Background: We investigated the role of beta-adrenergic receptor (B-AR) on choroidal neovascularization (CNV) in an animal model of age-related macular degeneration in mice.
Methods: The angiogenic effect of the B-AR was evaluated in retinal pigment epithelium (RPE)-choroid explants from C57Bl6 mice stimulated with propranolol or isoproterenol (10 μM) (respectively antagonist and agonist of the B-AR) during 24 h. Conversely, a classic choroidal neovascularization (CNV) model induced by laser burn in C57Bl6 mice (8 weeks) was used to assess the anti-angiogenic effect of propranolol. In this experiment, mice were treated with intraperitoneal propranolol (6 mg/kg/d) or vehicle (saline solution) daily for 10 days, starting on day 4 after laser burn and until sacrifice (day 14). Immunostaining analysis on retinal flatmounts and cryosections were performed to determine the surface of CNV, the distribution of B-AR and the number and morphology of microglia/macrophages associated with CNV. To explore if the antiangiogenic effect of propranolol involved the modulation of the inflammatory microenvironment associated with CNV, we used RPE primary cells, J774 macrophages cell line and polarized M1 and M2 bone marrow-derived macrophage (BMDM). Choroidal explants treated with conditioned media (CM) from J774 or polarized M1/M2 BMDM pre-treated with propranolol to confirm the anti-angiogenic effect of propranolol. Expression of angiogenic factors was evaluated by RT PCR and Elisa.

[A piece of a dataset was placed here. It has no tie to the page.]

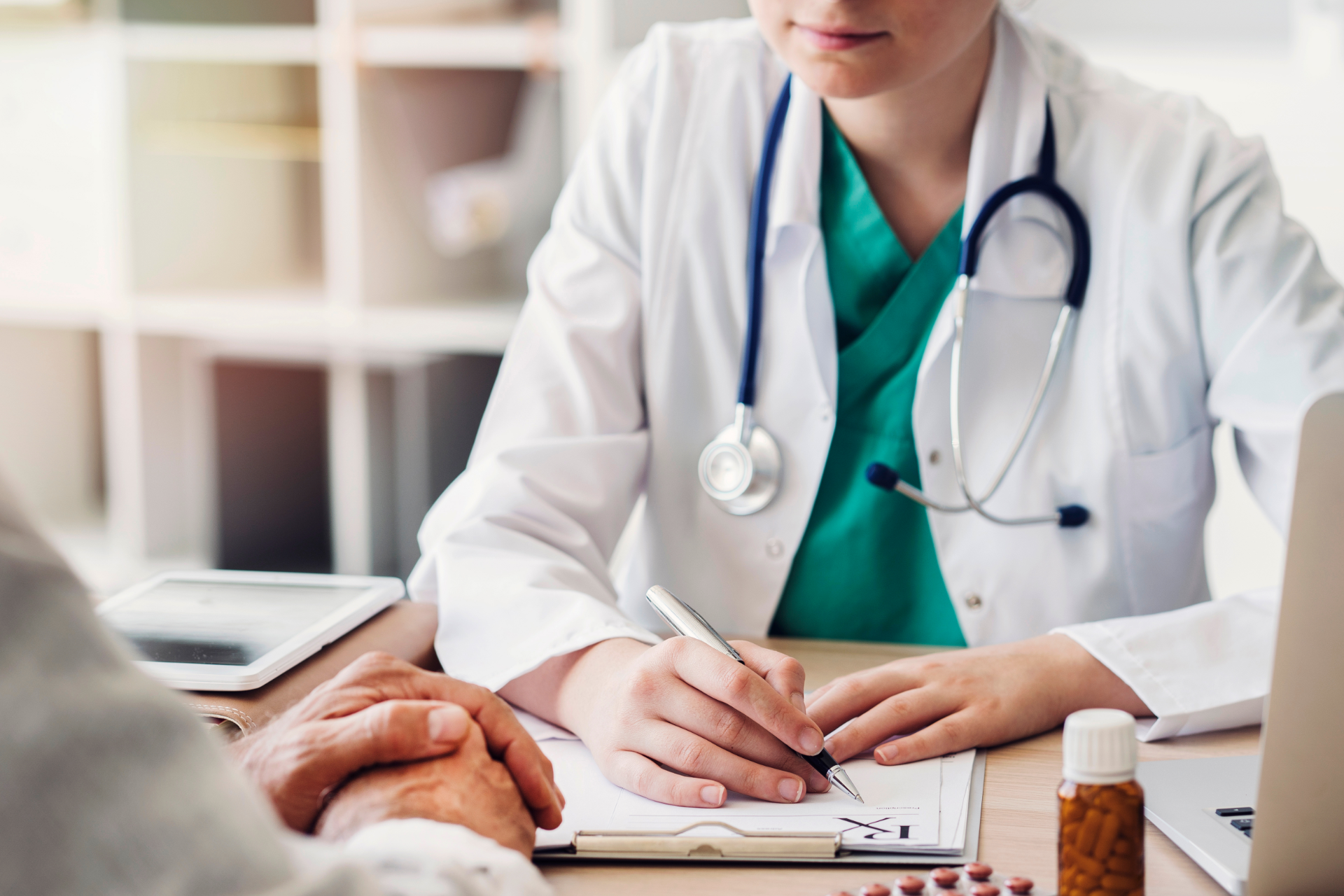 Doctor writing notes beside a patient in a clinic room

Results: The expression and distribution of the B-1, B-2 and B-3 adrenergic receptors were localized in the choroid and RPE cells. The stimulation of RPE-choroid explants with isoproterenol increased CNV compared to vehicle, while propranolol decreased CNV. In vivo, propranolol inhibited significantly the levels of VEGF and CNV growth in laser burn model compared to the vehicle. Additionally, the treatment with propranolol decremented the number of activated (amoeboid shape) microglia/macrophages but surprisingly, the number of non-activated microglia/macrophages around the CNV was higher than with the vehicle treatment. In vitro, propranolol modulated the angiogenic balance in macrophages promoting anti-angiogenic factors expression, especially with M2 BMDM. CM from macrophages pre-treated with propranolol reduced CNV on choroidal explants.